Andrii Nakryiko <andrii.nakryiko@xxxxxxxxx> · Wed, 23 Aug 2023 10:07:12 -0700

On Wed, Aug 23, 2023 at 12:26 AM David Marchevsky
<david.marchevsky@xxxxxxxxx> wrote:
>
> On 8/22/23 7:52 PM, Andrii Nakryiko wrote:
> > On Mon, Aug 21, 2023 at 10:06 PM Dave Marchevsky <davemarchevsky@xxxxxx> wrote:
> >>
> >> This patch adds kfuncs bpf_iter_task_vma_{new,next,destroy} which allow
> >> creation and manipulation of struct bpf_iter_task_vma in open-coded
> >> iterator style. BPF programs can use these kfuncs directly or through
> >> bpf_for_each macro for natural-looking iteration of all task vmas.
> >>
> >> The implementation borrows heavily from bpf_find_vma helper's locking -
> >> differing only in that it holds the mmap_read lock for all iterations
> >> while the helper only executes its provided callback on a maximum of 1
> >> vma. Aside from locking, struct vma_iterator and vma_next do all the
> >> heavy lifting.
> >>
> >> The newly-added struct bpf_iter_task_vma has a name collision with a
> >> selftest for the seq_file task_vma iter's bpf skel, so the selftests/bpf/progs
> >> file is renamed in order to avoid the collision.
> >>
> >> A pointer to an inner data struct, struct bpf_iter_task_vma_kern_data, is the
> >> only field in struct bpf_iter_task_vma. This is because the inner data
> >> struct contains a struct vma_iterator (not ptr), whose size is likely to
> >> change under us. If bpf_iter_task_vma_kern contained vma_iterator directly
> >> such a change would require change in opaque bpf_iter_task_vma struct's
> >> size. So better to allocate vma_iterator using BPF allocator, and since
> >> that alloc must already succeed, might as well allocate all iter fields,
> >> thereby freezing struct bpf_iter_task_vma size.
> >>
> >> Signed-off-by: Dave Marchevsky <davemarchevsky@xxxxxx>
> >> Cc: Nathan Slingerland <slinger@xxxxxxxx>
> >> ---
> >>  include/uapi/linux/bpf.h                      |  4 +
> >>  kernel/bpf/helpers.c                          |  3 +
> >>  kernel/bpf/task_iter.c                        | 84 +++++++++++++++++++
> >>  tools/include/uapi/linux/bpf.h                |  4 +
> >>  tools/lib/bpf/bpf_helpers.h                   |  8 ++
> >>  .../selftests/bpf/prog_tests/bpf_iter.c       | 26 +++---
> >>  ...f_iter_task_vma.c => bpf_iter_task_vmas.c} |  0
> >>  7 files changed, 116 insertions(+), 13 deletions(-)
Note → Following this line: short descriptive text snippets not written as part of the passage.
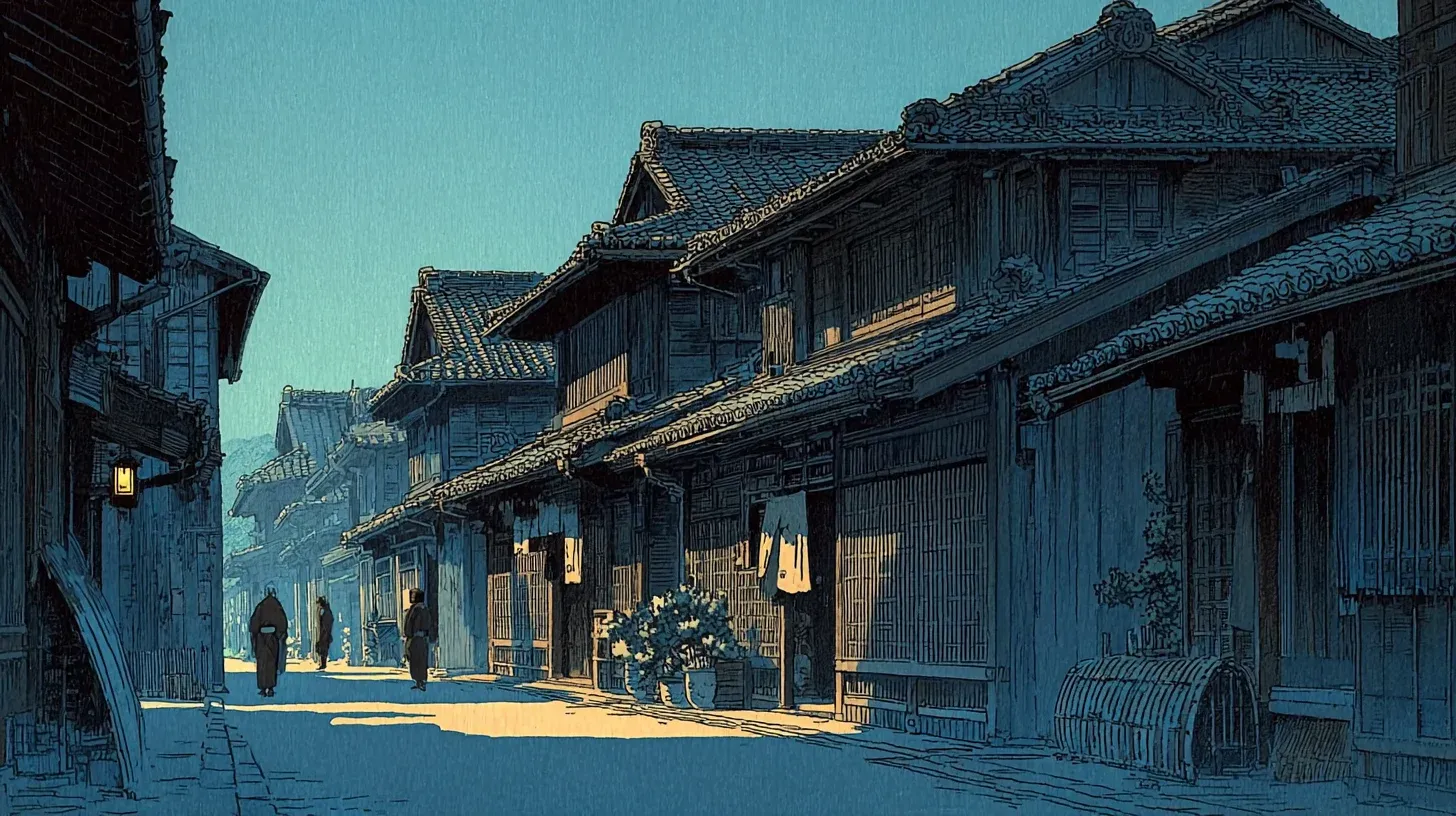 Dense wooden townhouses packed along narrow alleys in Edo — the city that would burn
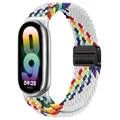 Bracelet magnétique tressé pour Xiaomi Mi Band 8 à 11 – Couleur du bracelet White Rainbow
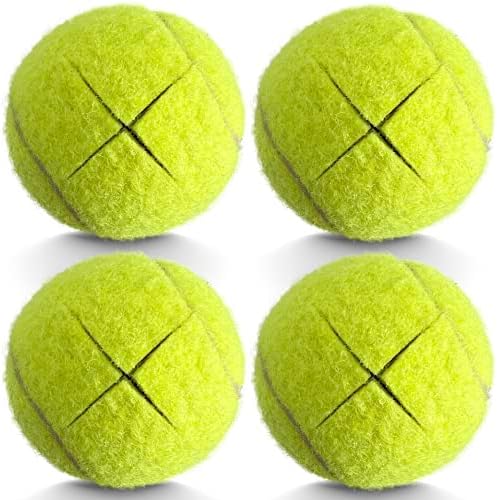 Bolas de tênis pré -put de pacote Hiballball 4 para caminhantes, bolas de tênis para cadeiras, acessórios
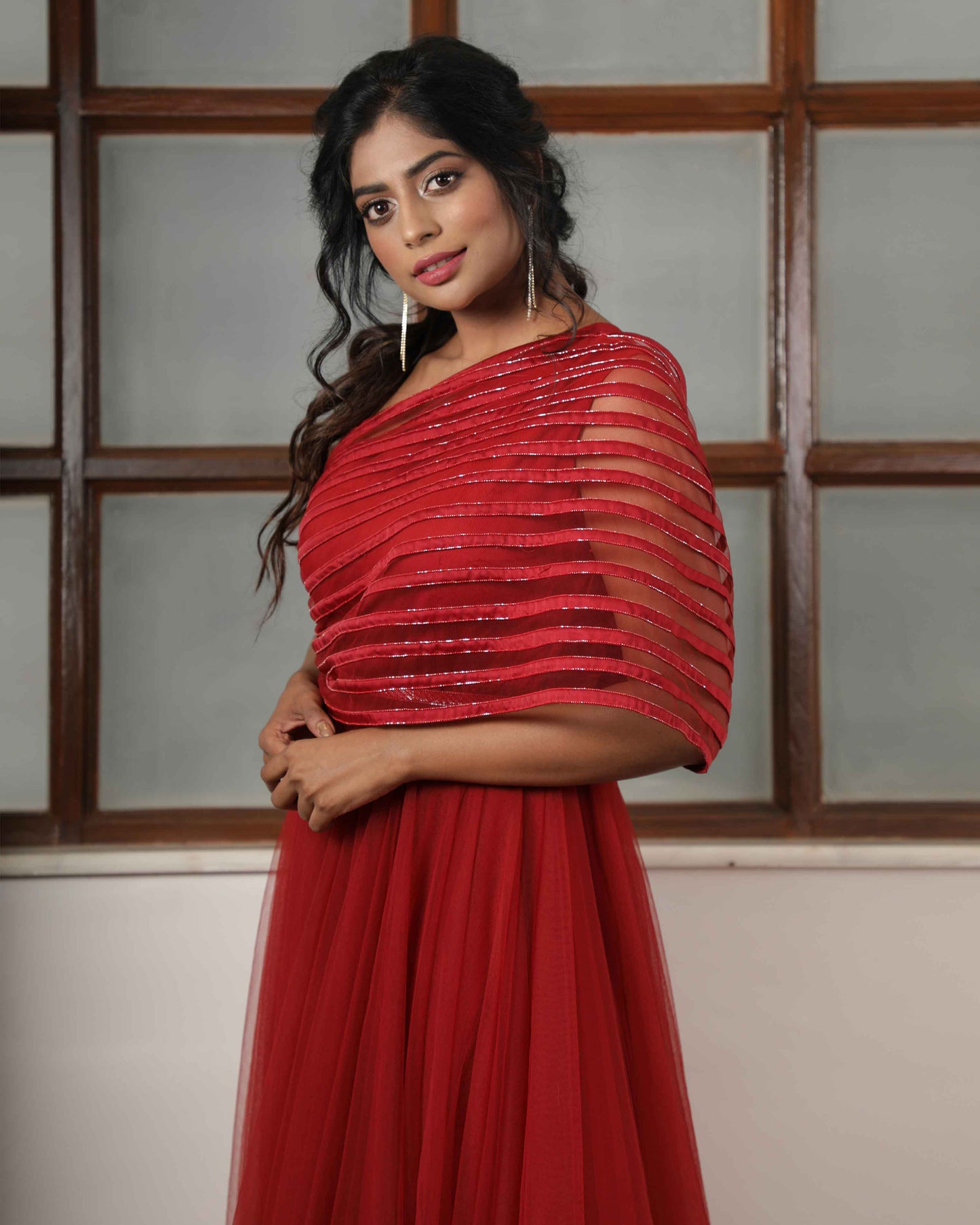 Amelie one shoulder appliqued long gown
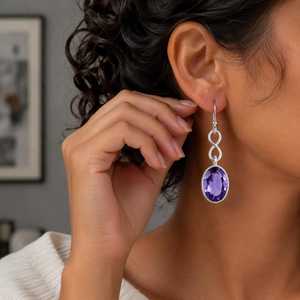 Natural Iolite Gemstone Infinity Dangle <b>Earrings</b> 925 Sterling Silver Handmade Boho Jewelry September Birthstone Gift Trendy - Product Image 5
> >>  rename tools/testing/selftests/bpf/progs/{bpf_iter_task_vma.c => bpf_iter_task_vmas.c} (100%)
> >>
> >> diff --git a/include/uapi/linux/bpf.h b/include/uapi/linux/bpf.h
> >> index 8790b3962e4b..49fc1989a548 100644
> >> --- a/include/uapi/linux/bpf.h
> >> +++ b/include/uapi/linux/bpf.h
> >> @@ -7311,4 +7311,8 @@ struct bpf_iter_num {
> >>         __u64 __opaque[1];
> >>  } __attribute__((aligned(8)));
> >>
> >> +struct bpf_iter_task_vma {
> >> +       __u64 __opaque[1]; /* See bpf_iter_num comment above */
> >> +} __attribute__((aligned(8)));
> >> +
> >>  #endif /* _UAPI__LINUX_BPF_H__ */
> >> diff --git a/kernel/bpf/helpers.c b/kernel/bpf/helpers.c
> >> index eb91cae0612a..7a06dea749f1 100644
> >> --- a/kernel/bpf/helpers.c
> >> +++ b/kernel/bpf/helpers.c
> >> @@ -2482,6 +2482,9 @@ BTF_ID_FLAGS(func, bpf_dynptr_slice_rdwr, KF_RET_NULL)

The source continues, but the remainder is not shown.